Ikan: Stenogobius sp.–ARSIP LEMBAGA ILMU PENGETAHUAN INDONESIA
Tim juga menemukan beberapa jenis udang-udangan atau krustasea, yakni Macrobrachium bariense dan M placidulum. Dua jenis udang itu biasanya ada di sebelah timur garis Wallace yang melintang dari Selat Makassar hingga Selat Lombok, tetapi di Enggano ukurannya lebih kecil.
Temuan flora
Untuk tumbuhan, tim LIPI mengoleksi berbagai jenis jamur, tumbuhan rendah, lumut, dan satu jenis tumbuhan baru dari kelompok jahe-jahean, yakni Zingiber sp. Ada pula salak khas Enggano, Sallaca sp. Selain itu, berbagai tanaman obat masyarakat Enggano dikoleksi, seperti dukung anak Phylanthus niruri, alang-alang Imperata cylindrica L., dan akar i’it Musa sp.

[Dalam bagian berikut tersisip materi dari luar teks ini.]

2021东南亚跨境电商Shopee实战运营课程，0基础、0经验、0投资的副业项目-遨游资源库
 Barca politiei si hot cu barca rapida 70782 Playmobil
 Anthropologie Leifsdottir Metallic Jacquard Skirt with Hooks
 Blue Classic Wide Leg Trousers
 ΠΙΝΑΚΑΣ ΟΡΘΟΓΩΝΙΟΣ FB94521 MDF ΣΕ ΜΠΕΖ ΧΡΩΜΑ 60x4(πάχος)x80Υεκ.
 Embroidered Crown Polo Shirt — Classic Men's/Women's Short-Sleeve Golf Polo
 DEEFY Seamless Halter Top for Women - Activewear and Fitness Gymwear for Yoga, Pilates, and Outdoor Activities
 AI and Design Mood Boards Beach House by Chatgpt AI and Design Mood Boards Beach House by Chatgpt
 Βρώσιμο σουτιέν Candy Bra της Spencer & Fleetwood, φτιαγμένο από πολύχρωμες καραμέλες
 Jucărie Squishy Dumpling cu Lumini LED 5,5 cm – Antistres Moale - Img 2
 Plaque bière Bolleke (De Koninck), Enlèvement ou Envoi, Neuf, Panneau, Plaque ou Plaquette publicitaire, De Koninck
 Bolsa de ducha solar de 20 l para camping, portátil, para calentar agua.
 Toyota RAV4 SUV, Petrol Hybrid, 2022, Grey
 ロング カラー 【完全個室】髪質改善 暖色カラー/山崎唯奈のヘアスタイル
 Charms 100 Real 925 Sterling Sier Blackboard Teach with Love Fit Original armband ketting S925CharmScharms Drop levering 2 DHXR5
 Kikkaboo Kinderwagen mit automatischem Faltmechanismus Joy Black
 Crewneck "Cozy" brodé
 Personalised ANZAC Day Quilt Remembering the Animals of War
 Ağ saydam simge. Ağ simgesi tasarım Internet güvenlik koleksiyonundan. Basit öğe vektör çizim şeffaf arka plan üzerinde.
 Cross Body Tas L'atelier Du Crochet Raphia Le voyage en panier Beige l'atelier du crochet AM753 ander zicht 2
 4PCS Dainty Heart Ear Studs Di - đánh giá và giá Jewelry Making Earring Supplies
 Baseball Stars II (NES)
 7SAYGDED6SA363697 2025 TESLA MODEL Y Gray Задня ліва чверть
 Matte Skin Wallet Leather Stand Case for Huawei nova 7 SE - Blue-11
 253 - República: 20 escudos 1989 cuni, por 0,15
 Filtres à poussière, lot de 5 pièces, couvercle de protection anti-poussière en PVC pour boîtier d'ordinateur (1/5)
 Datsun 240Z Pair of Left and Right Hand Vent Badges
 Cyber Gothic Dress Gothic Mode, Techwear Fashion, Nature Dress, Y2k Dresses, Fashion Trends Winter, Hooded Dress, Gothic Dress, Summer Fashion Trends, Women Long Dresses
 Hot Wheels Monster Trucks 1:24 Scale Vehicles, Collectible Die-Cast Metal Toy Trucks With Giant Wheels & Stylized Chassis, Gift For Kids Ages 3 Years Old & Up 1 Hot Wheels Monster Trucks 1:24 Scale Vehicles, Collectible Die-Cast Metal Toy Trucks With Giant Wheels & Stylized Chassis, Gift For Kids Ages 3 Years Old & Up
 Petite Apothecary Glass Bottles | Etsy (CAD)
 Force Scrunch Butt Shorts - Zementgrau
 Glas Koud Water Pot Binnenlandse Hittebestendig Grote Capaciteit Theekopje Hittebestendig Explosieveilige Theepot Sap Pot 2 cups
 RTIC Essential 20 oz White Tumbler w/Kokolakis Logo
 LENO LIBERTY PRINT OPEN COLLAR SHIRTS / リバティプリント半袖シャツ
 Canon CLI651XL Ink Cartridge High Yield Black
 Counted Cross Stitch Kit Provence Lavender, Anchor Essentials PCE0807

Tumbuhan Tinggi: Salacca sp.–ARSIP LEMBAGA ILMU PENGETAHUAN INDONESIA
Tim mikrobiologi LIPI meneliti beragam mikroorganisme Enggano, mulai dari kapang, khamir, bakteri, aktinomisetes, arkea, hingga mikroalga. Zat aktif mikroorganisme itu diteliti dan beberapa di antaranya diyakini punya manfaat obat, antibiotika, dan energi.
Enggano juga punya potensi kayu industri, khususnya merbau yang berkekuatan tinggi. Namun, eksploitasi berlebihan kayu itu bisa membahayakan keseimbangan ekosistem Enggano.
Selain itu, riset berasal dari rumpun ilmu sosial dan kemanusiaan. Menurut Peneliti Pusat Penelitian Kemasyarakatan dan Kebudayaan LIPI Dedi Supriadi Adhuri, catatan Enggano muncul di abad ke-16 saat Kongsi Dagang Belanda (VOC) mengunjungi pulau itu pada 1645. Dulu penduduk Enggano 6.000-8.000 orang, lebih besar daripada jumlah warga sekarang. “Wabah penyakit dan fertilitas orang Enggano yang rendah membuat jumlah warga turun drastis,” ujarnya. (MZW)
ARSIP LEMBAGA ILMU PENGETAHUAN INDONESIA–Jahe-jahean: Zingiber sp.
——-
Versi cetak artikel ini terbit di harian Kompas edisi 6 November 2015, di halaman 14 dengan judul “Belasan Jenis Baru Ditemukan”.